The long view.

Mar 03, 2010 16:01

So I've come to a point in my life where I really need to shit or get off the pot, so to speak.

As my life stands right now, I see 3 viable options for my long term career and future. All of which are going to require me to invest in my self and acquire a true formal education.

Option 1

Become an IT manager. This option was my real goal for a very long time, nearly a decade. However the closer I get to the top of the pool, the more it seems like the best of the worst options. It would mean a lifetime of stress until I retire, finding a real dedication to work that I just don't have in me for corporate America. (I actually like to be off when I'm not at work, which lately has become tantamount to being a heretic.) This may be the path I choose simply because I know the monetary rewards and it truly builds on my existing career. I don't think it would make me the happiest of all of my choices however, and it also means that I work for someone else, for the rest of my career.

Option 2

Become a real database administrator. I can poke my way through SQL with a fair amount of competence. I'm not a dba though, I don't even pretend to be. I think if i sought formal education along this line, along with being very expensive to get the quality of education I'd want, since it would require technical school, it would also require me to really fix my math weakness, which almost feels settled into my bones. The stress of this type of job is a lot lower, because for the most part as you rise in experience as a DBA everything is cumulative, so you pretty much keep doing the same sorts of things, just at more and more complex levels. They get paid really well, and as jobs go, it's probably one of the most portable IT jobs out there.

Option 3

Become a restaurateur.  Wild change? Yes. This would take me years of careful planning and capital building, in addition to getting the requisite schooling and certifications to meet whatever lender's requirements i would need to meet. It also would indelibly  lock me into whatever location I started in for at least 5 years or longer depending on the growth rate of the business and the repayment of the loans needed to see it born. This has always been my 'inner' dream. The 'oh if i won the lottery and could do what I wanted' dream. Serving folks good food is simply one of the most rewarding experiences there is. Even the most angry snarling ranting lunatic tends to be happier when you feed him good food. I want to be a person who brings that kind of happiness to others again. I want to feel like doing good work with my hands sees my fortunes rise.

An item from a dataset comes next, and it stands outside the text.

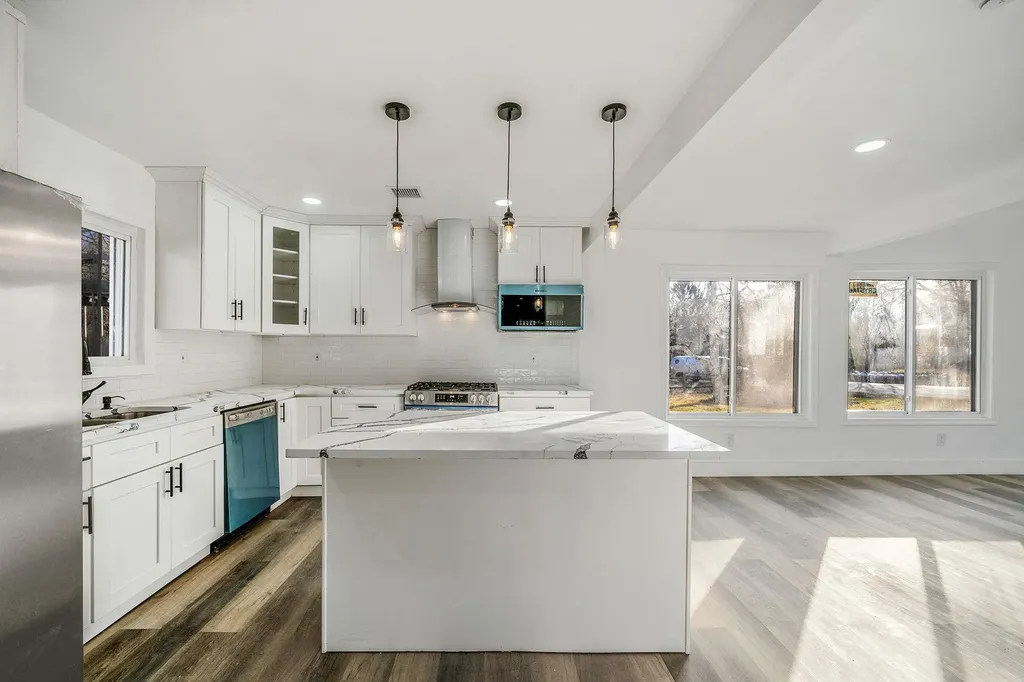 124 Sequoia Drive Coram NY 11727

_________________________________________________________________________________________________________

Nicole is truly becoming a wife, and one of the more amusing habits she's developed, is her hint dropping method. I've already lost track of her discrete mentions of living in Texas. It's funny because there are times when I look at where I live and I feel like an exile. I live in a place that while I can thrive here, and could live a long life here, I don't know that I'll ever BELONG here. I'm not sure how to describe it exactly. The midwest attitude about many things is to let those in charge figure it out, then gripe about the decisions they (the voter) refused to make. You see it at every level here. Yes you could say this is endemic to the human condition, but, and I do mean but, it is rife here. You have to come from a place where sink or swim is really the norm to realize what an alien thought it is to expect the government to take care of you all the time. While that layer of insulation is nice from a getting started perspective, it begins to lose it's appeal when you realize that you aren't truly free. I think i deviated from my original reason for bringing this up, in short I don't plan to bury my bones here, though should that happen I won't be disgruntled. Texas will always be where I came from.

This is also the first time in almost 5 months I've had time to really sit down and write out what I'm thinking that wasn't at home. When I'm at home I really don't want to approach writing like this, mainly because I'd rather be enjoying the fruit of working my ass off all the time than writing down some elaborate self critique that largely goes ignored.